16. Kiki’s Memoirs by Alice Prin, trans. (Ecco, first published 1929)

I’ve long been intrigued by Kiki of Montparnasse (born Alice Prin), who was muse and model to many artists in 1920s Paris, most notably Man Ray, and generally the life of the party (Queen of Montparnasse). This is a translation of her memoirs, published in 1929 when she was still young. (The original hipster snob Hemingway says in the introduction that it’s a crime not to read them in French, and undoubtedly her voice must be much distinct and charming en francais.) She tells of her poverty-stricken origins in the country, and surviving many difficult jobs in Paris before finding her home in bohemia. She comes off as self-deprecating, resilient, and fun. This edition includes lots of photos and Kiki’s own paintings.

Provenance: Ordered from Better World Books

17. Little Labors by Rivka Galchen (New Directions, 2016)

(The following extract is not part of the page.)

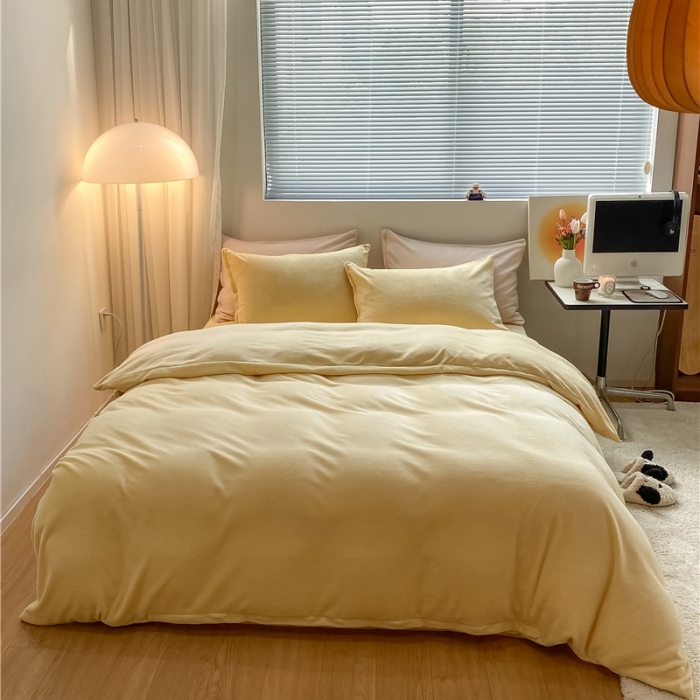 91家纺网 家纺一手货源 找家纺 棉眠 2021新款秋冬纯色牛奶绒四件套 小鸡黄+奶咖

A slim, sort of uncategorizable book, inspired by Shei Sonagon’s The Pillow Book. Written in snippets, Galchen documents her daughter’s babyhood and new motherhood, mixed with musings on babies in literature, awkward encounters with her neighbor, etc. A fun read. I love an uncategorizable book.

Provenance: Van Stockum bookstore in Leiden (RIP)

18. My Year of Rest and Relaxation by Ottessa Moshfegh (Jonathan Cape, 2018)

I was impressed by how Moshfegh pulls off the conceit: a beautiful, wealthy intelligent depressed young woman decides to drop out of life and spend a year in her apartment knocked out by sleeping pills and other drugs. Moshfegh somehow spun an entertaining novel out of this. There are some really funny moments, and sometimes the meanness of this character is a too-brutal sting. Once I finished it, though, and still many months later, I’m left casting around for the larger thoughts or point of the work, for example, the inclusion of 9/11 (and maybe there doesn’t have to be one?), but I feel like I missed something.

Provenance: The American Book Center, The Hague

19. Dept. of Speculation by Jenny Offill (Vintage, 2014)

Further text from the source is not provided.